# "Redid" Room + New 35gal



## Brian (Mar 14, 2006)

Just spent 4 hours "redoing" my room and setting up the new 35gal for Jimmy's new discus 

Also took some pics of my newly seperated 20gal with 2x pairs of angels. I have a tank full of wrigglers right now and I need to go buy some bbs :S

Couldn't take too good pics of the wrigglers as they are quite small still so I didn't bother posting.










































EDIT: The rams in the discus tank are currently trying to spawn (inside the black PVC T)
EDIT: The bottom right tank on the rack is the one with the wrigglers of angels in there


----------



## holocron (Mar 12, 2006)

looking forward to seeing that tank full of babies! that's a pretty cool setup you have there.


----------



## Ciddian (Mar 15, 2006)

Mhhmm! very nice!


----------



## cichlidsam (Mar 26, 2006)

Very nice, Brian. I'm not sure about that stereo placement, though.......


----------



## Brian (Mar 14, 2006)

Lol, I know but I have nowhere else to put it.

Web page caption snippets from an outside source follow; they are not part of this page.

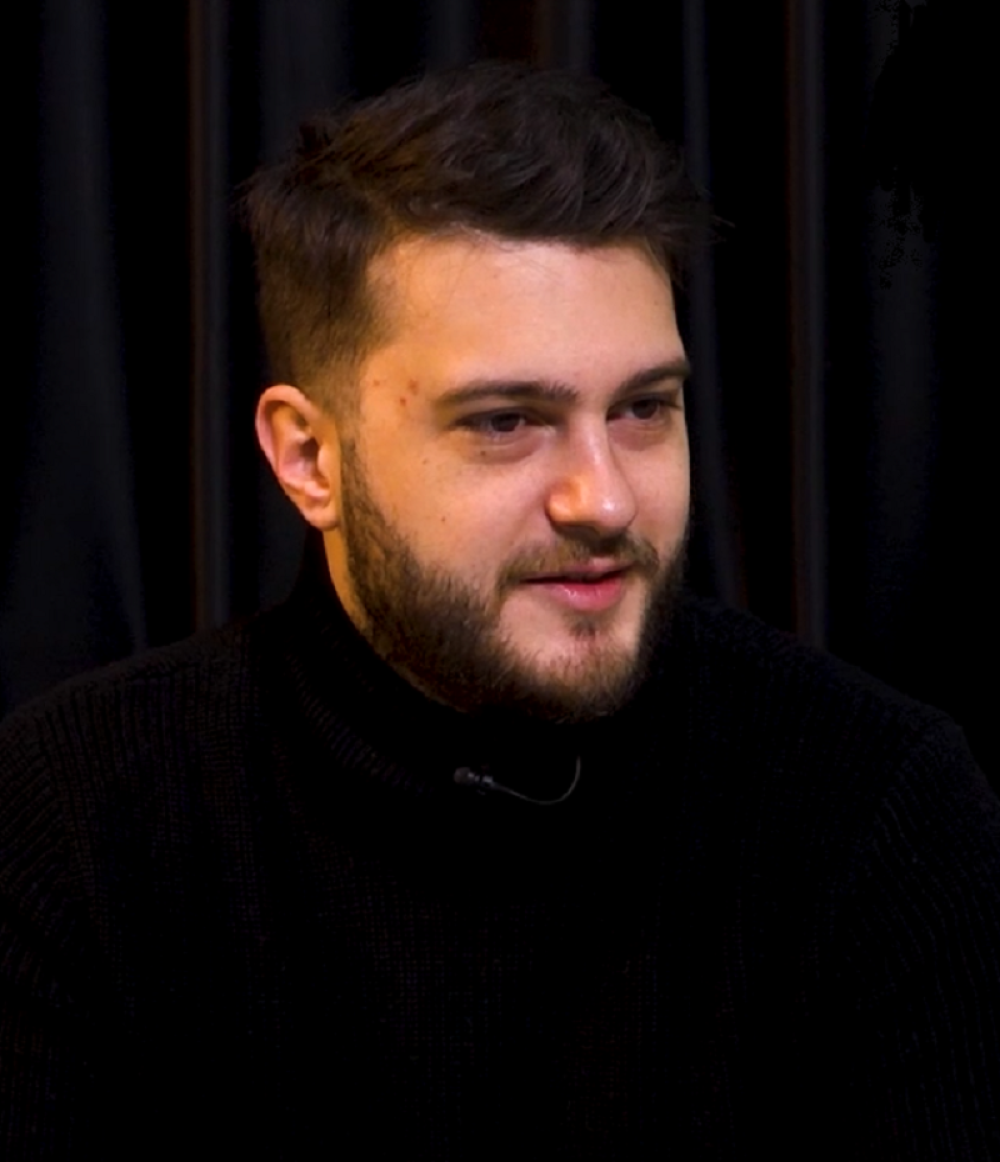 Lukijan se nije dao saterati u ćošak, izdominirao pesmom, a onda vrisnuo na "Boga"!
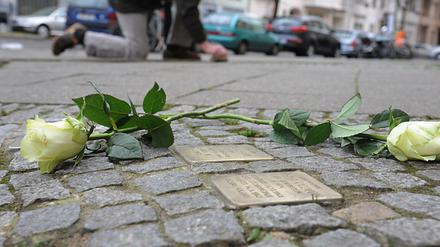 Stolpersteine in Charlottenburg. Sie erinnern an diejenigen Bewohner, denen die Flucht nicht mehr gelang.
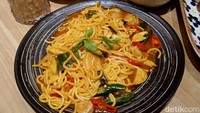 Tidak hanya menu lokal, ada juga Mie Penang yang tak kalah nikmat. Terinspirasi dari menu khas Malaysia ini, Mie Penang dibanderol seharga Rp 45.000. Foto: Tim detikfood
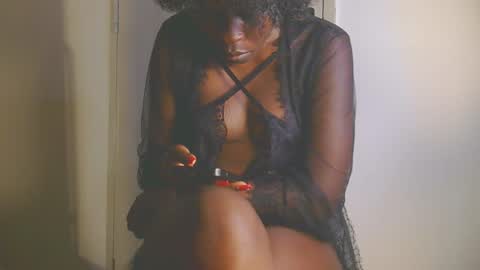 Snapshot of cathynoir chatting on October 18, 2025, 9:26 pm catrine online show from October 18, 2025, 9:26 pm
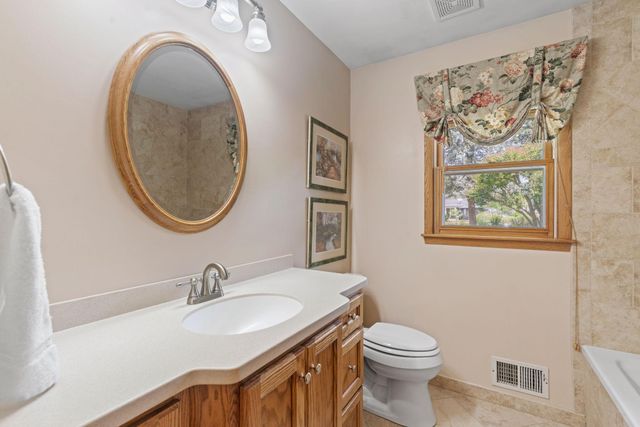 15700 5th Avenue N, Plymouth, MN 55447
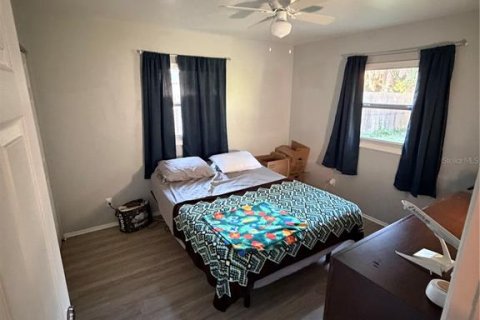 House in Saint Petersburg, Florida 3 bedrooms, 80.27 sq.m. № 2423997 - photo 16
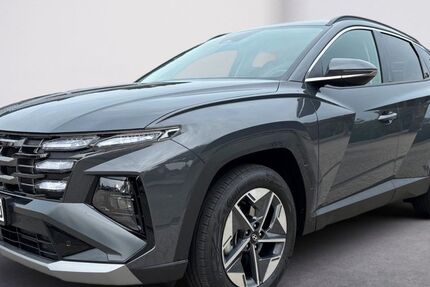 Hyundai TUCSON 3.490 km 32.490 &euro; Wolfhagen 34466
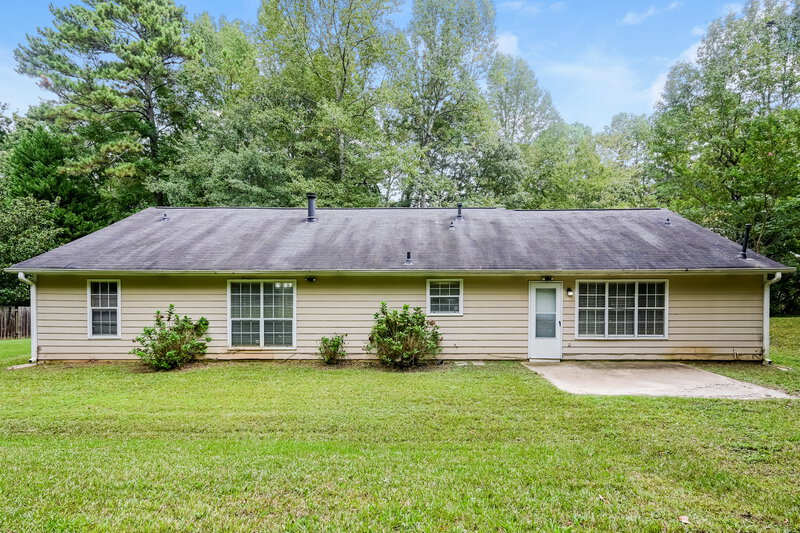 1,770/Mo, 1577 Red Briar Way Jonesboro, GA 30236 Rear View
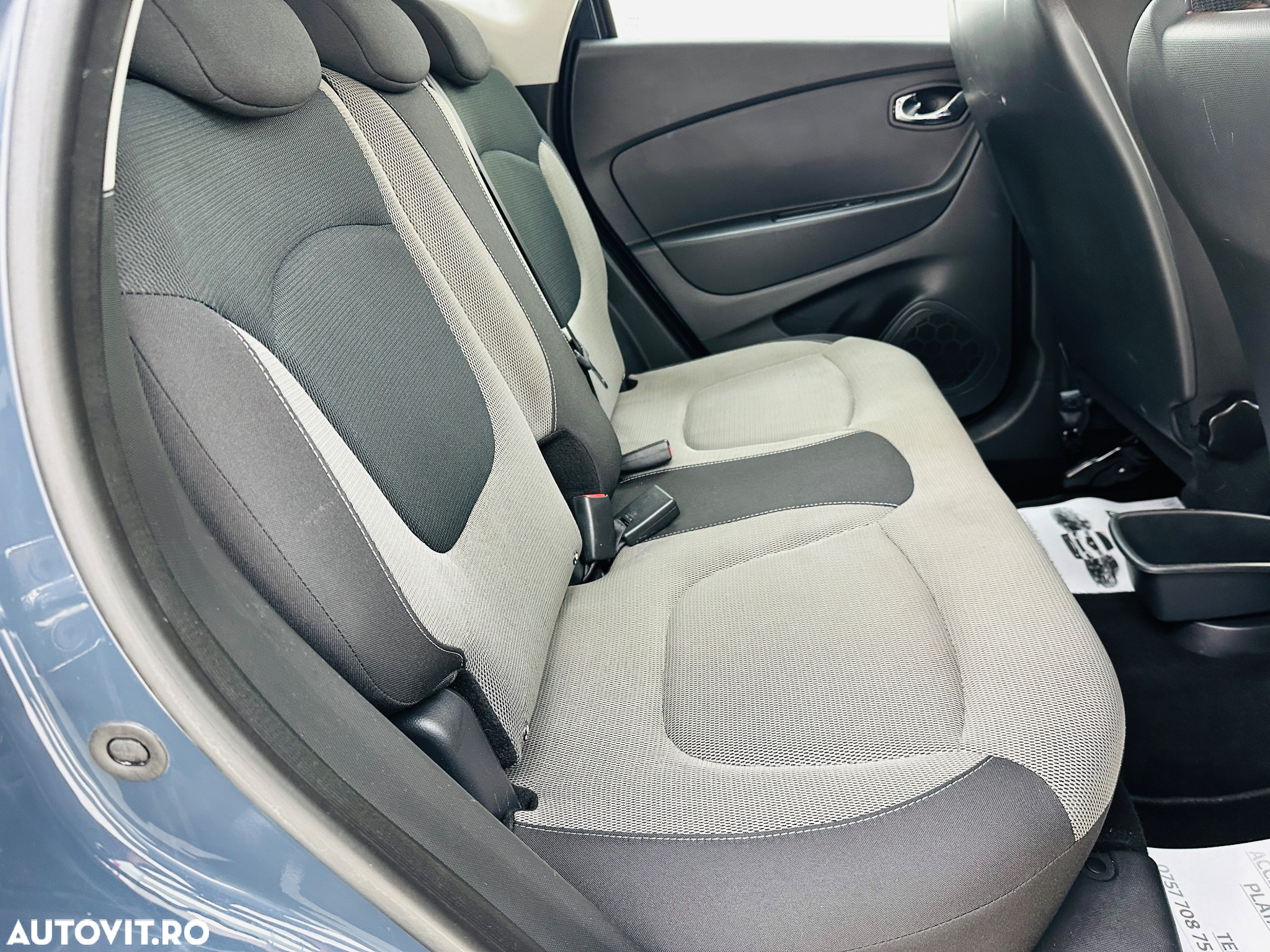 Renault Captur - 17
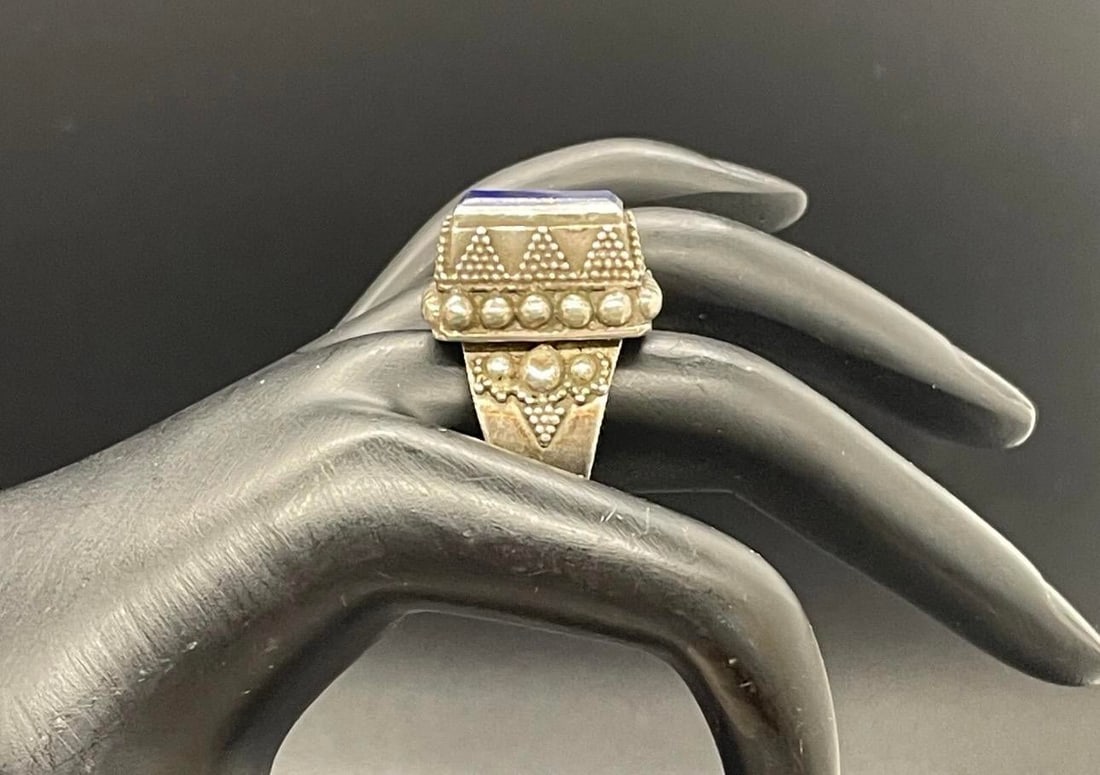 Antique Yemen Sterling Silver Lapis Lazuli Tower Ring, Size 9.5. Antique Yemen Jewelry - 4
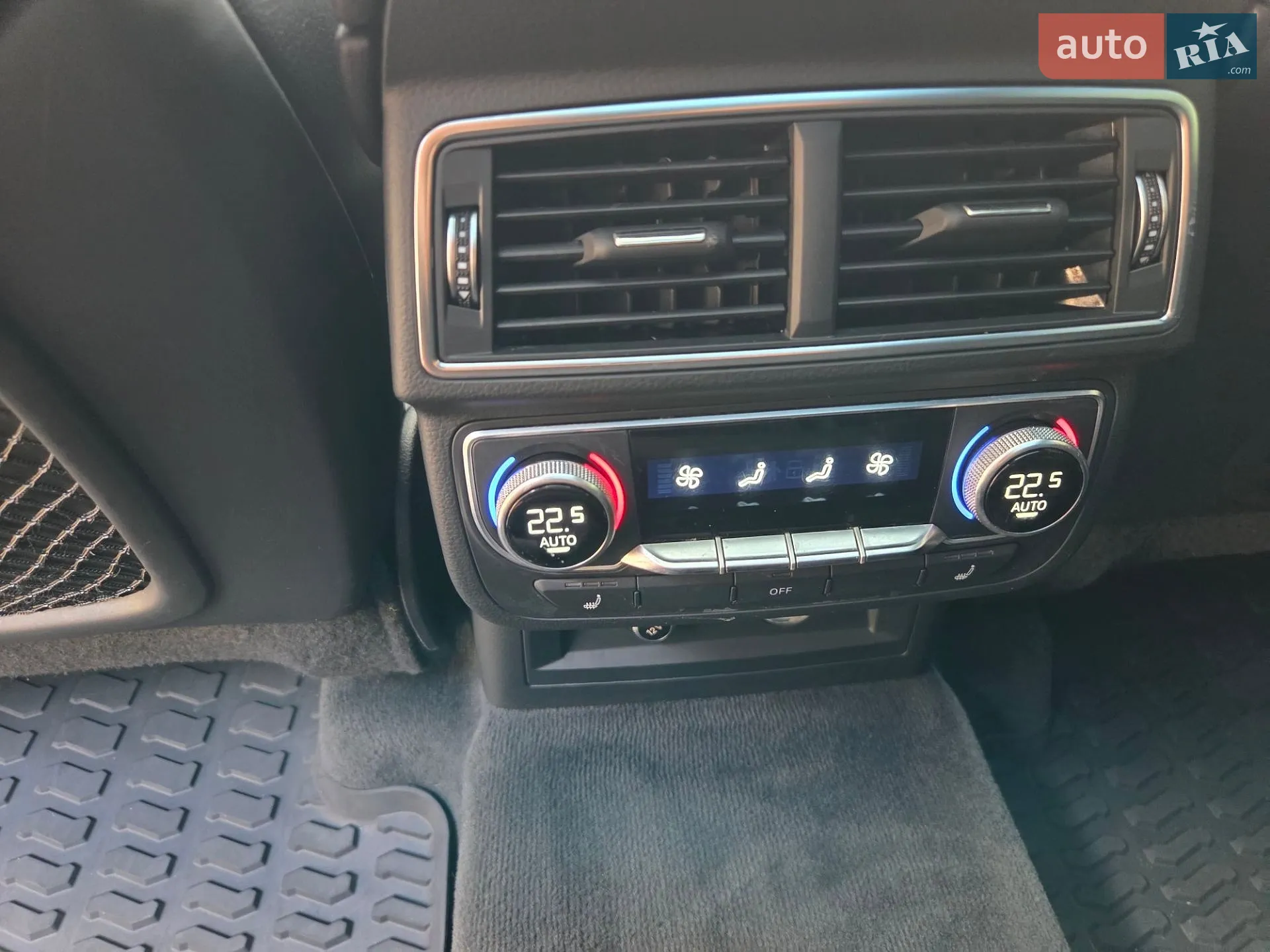 2019 Audi Q7 - мініатюра 18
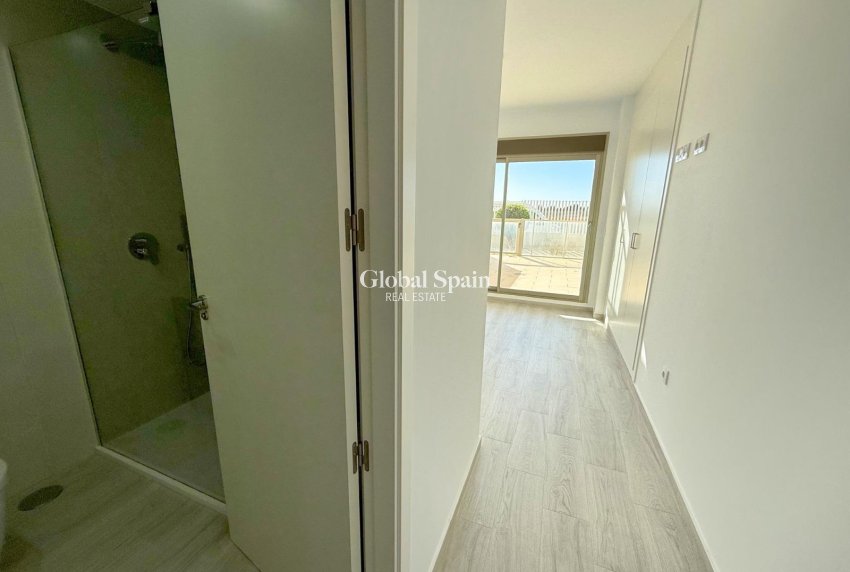 Wederverkoop - APPARTEMENT -
ORIHUELA COSTA - La Zenia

I don't even use it, the only reason it is there is cause it has the time on it... I wake up at night and I need to see the time or else I can't go back to bed x.x


----------



## Plant Crazy (Mar 24, 2006)

Wow! What an extensive setup. Looks like you've got a serious fish room in your house. Good luck with the breeders.


----------



## nightowl1350 (Mar 19, 2006)

Looks good Brian. You know you will need more tanks when the rams spawn  LOL 
One question.....why is the stereo on the bottom??? OK I'm a Mom, but I can just see you having a leak in your tank and trying to resuce the ON stereo before it gets too wet! ZAP!


----------



## Brian (Mar 14, 2006)

Lol, it is cause I am stupid and I don't listen.

My mom already told me to move it but I have nowhere else to put it x.x, maybe when I need some growout rubbermaid totes I will move the stereo to my sisters room and put the totes there


----------



## Ciddian (Mar 15, 2006)

LOL brian, i'll buy you a clock for your birthday.. ^^ lol poor guy


----------



## Discus_breeder (Mar 23, 2006)

Nice setup brian i like the betta hahaha


----------